Hauptsache, sie schneidet den Film nicht so zurecht, dass nur noch das drin bleibt, was in irgend einer Form nach "illegal" oder "extrem" riecht.


----------



## isah (15. September 2007)

Ach ja, so war das. Na dann eben so.


----------



## SandraS (15. September 2007)

Schön, dass ihr Lust habt, mitzumachen! Vorgesehener Drehtermin wäre Freitag, der 21.09. Hat da jemand Zeit? 
Gerne können natürlich auch mehrer Fahrer zum Dreh kommen. Ich werde aber voraussichtlich nur einen von euch interviewen, aus der journlistischen Vorgabe, die Geschichte an einem Protagonisten aufzuziehen und aus dem technischen Grund, dass ich nur ein Funkmikro verwenden kann.

Der Beitrag soll 2-3 Minuten lang werden und lebt natürlich einfach von tollen, spektakulären Bildern. Inhaltlich werde ich fragen stellen wie "Was ist der Reiz, Herausforderung an dieser Sportart?" "Wie funktioniert das überhaupt, mit einem Fahrrad Hindernisse zu überwinden?" "Verletzungsrisiko?" usw.
Es geht also primär darum, Bike Trial zu zeigen, vorzustellen und zu erklären. 

In Nürnberg kenne ich einige Jungs die das machen, daher überhaupt die Idee für den Beitrag. Deshalb weiß ich auch, dass es gar nicht darum geht irgendwas illegales zu tun und man sich die meiste Zeit Orte zum üben aussucht, an denen kein Mensch gestört oder gar gefährdet wird. (Ich nehme an, ihr spielt auf den Polylux-Beitrag an)
Zudem darf ich auch im Namen von Spiegel TV euch auf keinen Fall animieren, für die Aufnahmen etwas illegales zu tun!


----------



## Eisbein (15. September 2007)

also ich könnte mich auch dazu durchringen...


----------



## vollidiot (16. September 2007)

ähäm!? und da wird dann nur positives über biketrial berichtet? Ich glaube kaum, dass das im Bereich des Möglichen ist....

Zu Sandra:


SandraS schrieb:


> Zudem darf ich auch im Namen von Spiegel TV euch auf keinen Fall animieren, für die Aufnahmen etwas illegales zu tun!
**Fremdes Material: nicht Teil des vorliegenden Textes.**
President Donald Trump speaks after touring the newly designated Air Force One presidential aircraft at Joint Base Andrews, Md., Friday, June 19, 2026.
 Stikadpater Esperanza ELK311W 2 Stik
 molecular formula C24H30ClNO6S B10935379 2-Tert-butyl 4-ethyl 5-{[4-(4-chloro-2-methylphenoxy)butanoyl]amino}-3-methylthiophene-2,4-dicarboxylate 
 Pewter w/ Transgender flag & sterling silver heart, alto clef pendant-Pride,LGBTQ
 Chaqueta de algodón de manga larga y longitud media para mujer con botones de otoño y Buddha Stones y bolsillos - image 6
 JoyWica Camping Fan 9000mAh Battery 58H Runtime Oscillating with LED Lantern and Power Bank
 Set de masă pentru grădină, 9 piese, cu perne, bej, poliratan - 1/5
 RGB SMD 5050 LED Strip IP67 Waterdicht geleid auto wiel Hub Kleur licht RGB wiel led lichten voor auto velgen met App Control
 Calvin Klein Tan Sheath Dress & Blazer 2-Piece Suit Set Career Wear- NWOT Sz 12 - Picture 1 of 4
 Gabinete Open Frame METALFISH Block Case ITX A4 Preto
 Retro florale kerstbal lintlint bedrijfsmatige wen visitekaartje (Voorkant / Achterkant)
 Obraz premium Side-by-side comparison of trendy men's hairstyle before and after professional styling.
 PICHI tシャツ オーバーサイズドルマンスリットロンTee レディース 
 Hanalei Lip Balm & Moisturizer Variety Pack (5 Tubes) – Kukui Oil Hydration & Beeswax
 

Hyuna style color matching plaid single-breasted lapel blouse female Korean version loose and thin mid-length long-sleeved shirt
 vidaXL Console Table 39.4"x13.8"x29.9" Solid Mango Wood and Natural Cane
Du darfst sie vllt nicht animieren, aber gut für den Beitrag wärs trotzdem, oder nicht?

Also Jungs, ich würde euch raten, sucht euch keine Denkmälerspots aus oder sowas, fahrt lieber auf Steinen oder so. Am besten wärs vielleicht, wenn ihr eine Show organisiert bekommt, bei der euch die Dame dann begleiten darf. Dann kommt auch gleich die begeisterung des Publikums besser rüber. Achja, und nicht über Menschen springen^^
So ein Beitrag ist echt ne feine Sache, solange er nicht in einem Skandal ausartet, wie es so oft (nicht nur beim biketrial) vorkommt.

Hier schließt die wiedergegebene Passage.